Environ une heure avant que nous eussions vu les deux pirates j’avais pris hauteur, et avais trouvé que nous étions à quarante-six degrés de latitude et à cent quatre-vingt-trois de longitude. Lorsque je fus un peu éloigné, je découvris avec une lunette différentes îles au sud-ouest. Alors je haussai ma voile, le vent étant bon, dans le dessein d’aborder à la plus prochaine de ces îles, ce que j’eus bien de la peine à faire en trois heures. Cette île n’était qu’une roche où je trouvai beaucoup d’œufs d’oiseaux : alors, battant mon fusil, je mis le feu à quelques bruyères et à quelques joncs marins pour pouvoir cuire ces œufs, qui furent ce soir-là toute ma nourriture, étant résolu d’épargner mes provisions autant que je le pourrais. Je passai la nuit sur cette roche, où, ayant étendu des bruyères sous moi, je dormis assez bien.

Le jour suivant, je fis voile vers une autre île, et de là à une troisième et à une quatrième, me servant quelquefois de mes rames ; mais, pour ne point ennuyer le lecteur, je lui dirai seulement qu’au bout de cinq jours j’atteignis la dernière île que j’avais vue, qui était au sud-ouest de la première.

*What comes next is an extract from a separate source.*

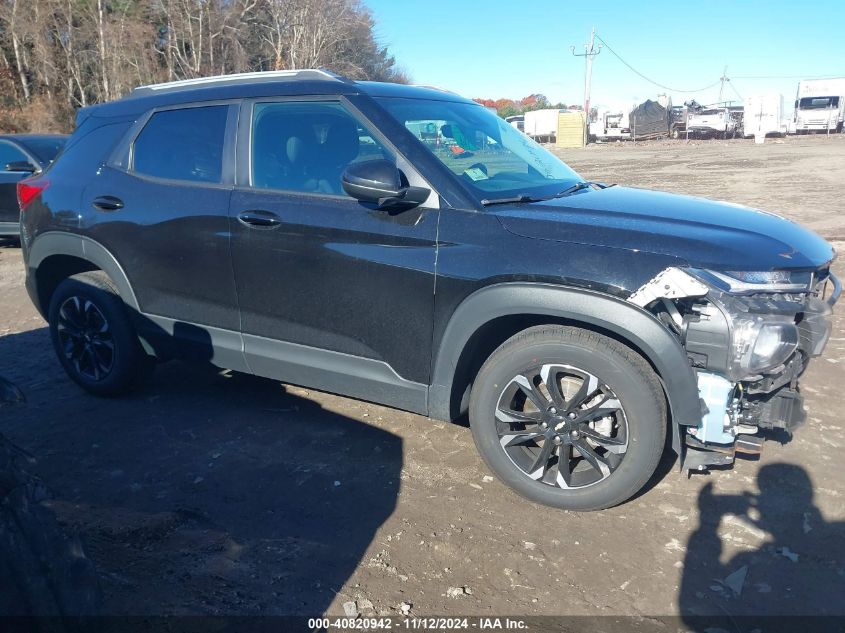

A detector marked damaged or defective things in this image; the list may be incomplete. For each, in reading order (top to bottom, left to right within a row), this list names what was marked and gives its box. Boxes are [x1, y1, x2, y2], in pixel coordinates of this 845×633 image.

Cette île était plus éloignée que je ne croyais, et je ne pus y arriver qu’en cinq heures. J’en fis presque tout le tour avant que de trouver un endroit pour pouvoir y aborder. Ayant pris terre à une petite baie qui était trois fois large comme mon canot, je trouvai que toute l’île n’était qu’un rocher, avec quelques espaces où il croissait du gazon et des herbes très-odoriférantes. Je pris mes petites provisions, et, après m’être un peu rafraîchi, je mis le reste dans une des caves, dont il y avait un grand nombre. Je ramassai plusieurs œufs sur le rocher, et arrachai une quantité de joncs marins et d’herbes sèches, afin de les allumer le lendemain pour cuire mes œufs, car j’avais sur moi mon fusil, ma mèche, avec un verre ardent. Je passai toute la nuit dans la cave où j’avais mis mes provisions : mon lit était ces mêmes herbes sèches destinées au feu. Je dormis peu, car j’étais encore plus inquiet que las. Je considérais qu’il était impossible de ne pas mourir dans un lieu si misérable, et qu’il me faudrait bientôt faire une triste fin. Je me trouvai si abattu de ces réflexions, que je n’eus pas le courage de me lever ; et, avant que j’eusse assez de force pour sortir de ma cave, le jour était déjà fort grand : le temps était beau, et le soleil si ardent que j’étais obligé de détourner mon visage.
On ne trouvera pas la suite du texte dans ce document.